R. Fleury, D.L. Sounas, C.F. Sieck, M.R. Haberman and A. Alù, Science, 343, 516-519 (2014).

電流を一方にしか流さない素子であるダイオードは非常に多くの場所で使われているし,光学的なダイオードの類似物である光アイソレータ(一方向に光を通し,逆には通しにくい)も非線形光学効果や磁気光学的な効果などを使うことで実現されている.
その一方で,同じような波による物理現象である音に対しては,一方向にのみ音を通すいわば音のダイオード的なものの開発は難航している(*).

*音の非線形効果を使ったりした実験はあるが,効率が悪かったり大がかりな装置が必要.

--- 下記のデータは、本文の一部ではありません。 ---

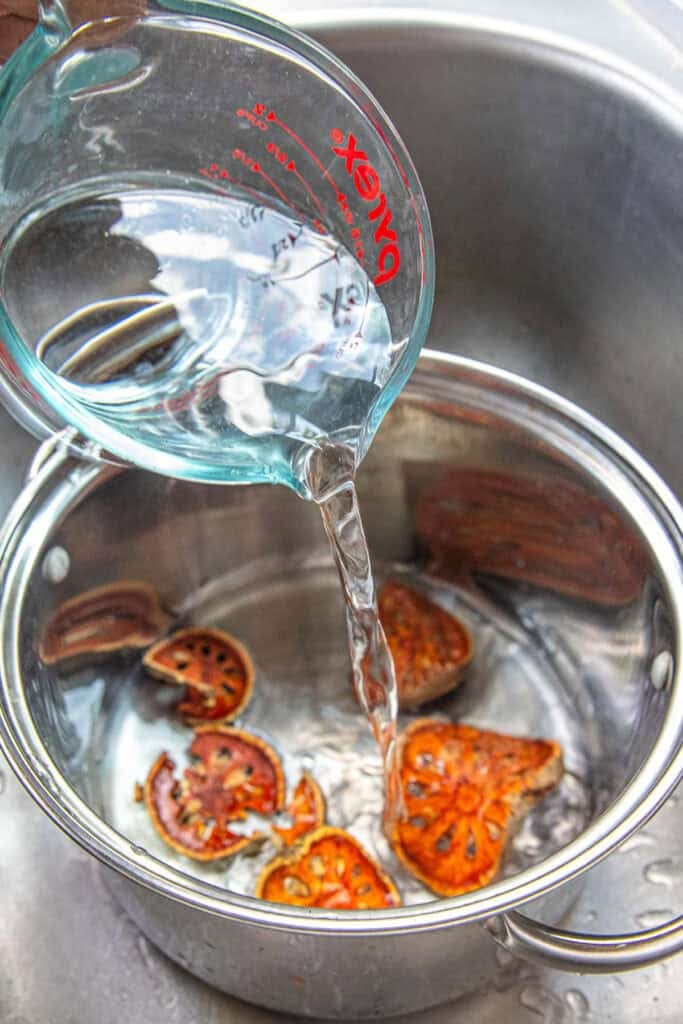 A glass of water pouring into a pot of dried fruit slices. 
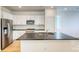 Bright kitchen with white cabinets, stainless steel appliances, island with a sink, and hardwood floors at 21242 E 63Rd Dr, Aurora, CO 80019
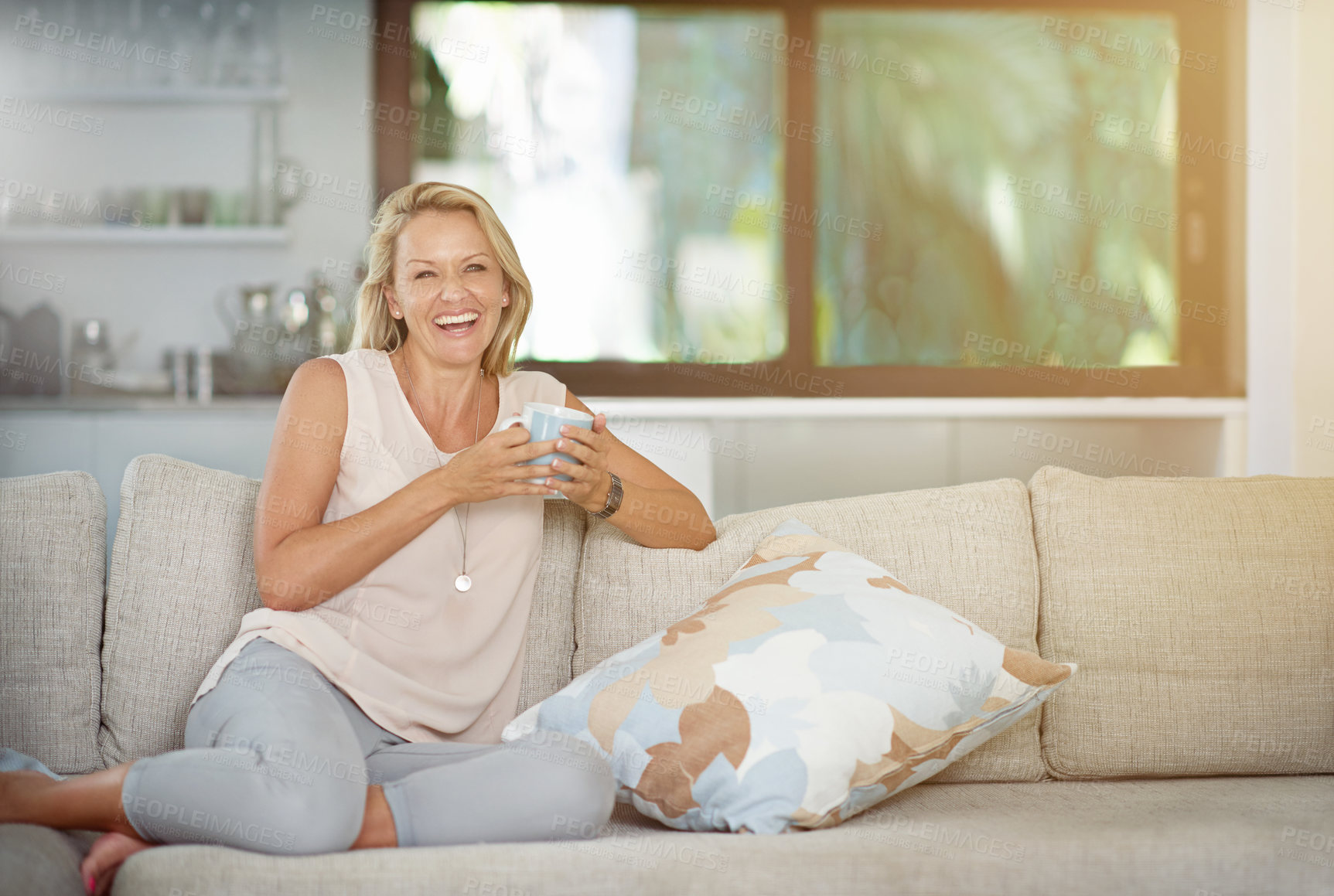 Buy stock photo Mature, woman and portrait with laughing on sofa for relax, wellness and weekend with tea break in home. Happy person, and drinking coffee on couch in living room with pride, mockup space or beverage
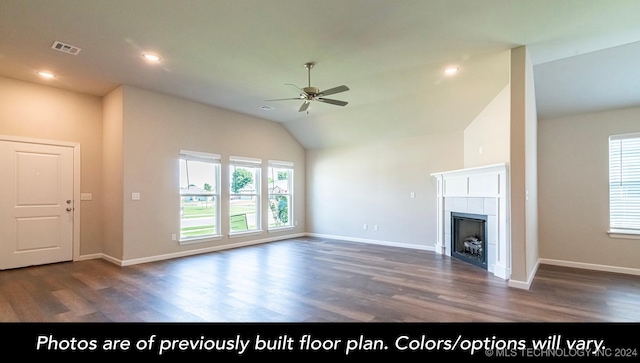 unfurnished living room with dark hardwood / wood-style floors, ceiling fan, a tile fireplace, and vaulted ceiling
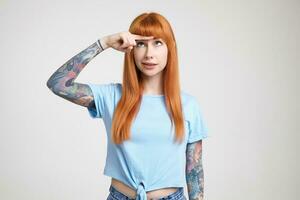 Bewildered young pretty tattooed woman with loose long hair keeping index finger on forehead and looking at it while standing over white background in blue t-shirt photo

今回報告されたのはこの「音版のダイオード」を,非常に単純な構造を使って実現した,というものである.
原理を説明するためにまず,ドーナツ型の空間を考えてみよう.この空間内の一点から音を発するとする.まずは簡単のために一定の周波数の音が鳴り続けているとしよう(音が戻ってくるまでの時間が短ければ,この条件はほぼ満たされる).この音は当然右回りと左回りに進んでいくのだが,空間が馬鹿みたいに広くない限りは減衰しながらも音は一周してきてまた元の場所へと戻ってくる.戻ってきた音は出発点で発されている音と干渉するので,一周するのにかかる時間とその音の振動数の組み合わせにより,ぐるっと回る音が強めあったり弱め合ったという事が起こる.
では次に,このドーナツ状の空間内に右回りの風が吹いていたとしよう.音を伝える媒体が右回りに動いているのだから,右回りに進む「音」の実効的な音速(外部から見た進む速度)は当然早くなる.逆に,左回りの音は遅くなるわけだ.すると,音の発生源から右回りに音が進むか,左回りに進むかによって出発点に戻ってくるまでの時間が変わってくる.という事はすなわち,出発点に戻ってきた瞬間に波が強め合うのか弱め合うのかが,右回りの音と左回りの音で違う場合が出てくるわけだ.波長と風速の関係をうまく選べば,右回りの音だけが干渉で強めあって,左回りの音は干渉により格段に弱くなり,という事が可能になる.

これを使ったのが今回の著者らの実験である.
まず,分厚い六角板状の金属ブロック(蓋は取れる)の中にぐるりと円形の溝(というか,トンネルというか)を掘ったものを用意する.Supplementary MaterialのPDFファイル中のFig. S1を見ていただけるとどんなものかがわかるだろう.この六角形の各辺をとりあえず上,右上,右下,下,左下,左上と呼ぶことにする.トンネルの内の左上,右上,下の3つの方向にはCPUファンを3基設置し,このトンネル内に風を流せるようにする.風速はCPUファンに流す電流でコントロール可能である.残りの3方向である上,右下,左下の3辺には穴が空いており,外部と音のやり取りが可能となっている.
実験は単純であり,音を上方向から入れ,右下および左下それぞれからどの程度音が出てくるかを観測する.風が全く無い状態では,当たり前の話だが上から入った音は右下と左下から同じだけ出てくる(何せ右回りも左回りも対称だ).次に右回りの風を起こすことで右回りと左回りの音速に差をつけ,右回りの音は強め合い,左回りの音はちょうど弱め合うようなセッティングとする.
するとどうなるか?左回りの音は一周すると自分自身と干渉して弱め合ってしまうので,あまり存在できない.一方右回りの音はちょうど強め合う干渉となっているので,元気に右方向へと進むことが出来る.その結果,このトンネル内では右方向に進む音ばかりが存在するようになる.さらに,音はどうしても進む間に減衰を起こす.そのため,上から入った音が右回りに移動していくと,最初に出会う右下方向の出口にさしかかった時にはまだ十分な強さがあるものの,さらに進んだ左下方向の出口では音はかなり弱くなってしまっている.この結果,上から入れた音は,右下からは出てくるが左下からはほとんど出てこない.今度は右下から音を入射すると,右回りに少し行った左下からは出てくるものの,上方向からはほとんど出てこない.つまり,上 → 右下へは音が伝播するのに,右下 → 上へは音が伝わらないという,音のダイオード的な構造が実現できたわけだ.
ちなみにA → Bでの音の強さとB → Aでの音の強さの比(順方向と逆方向での音の伝わりやすさの比)は40 dB程度まで行ったらしい.結構良い値である.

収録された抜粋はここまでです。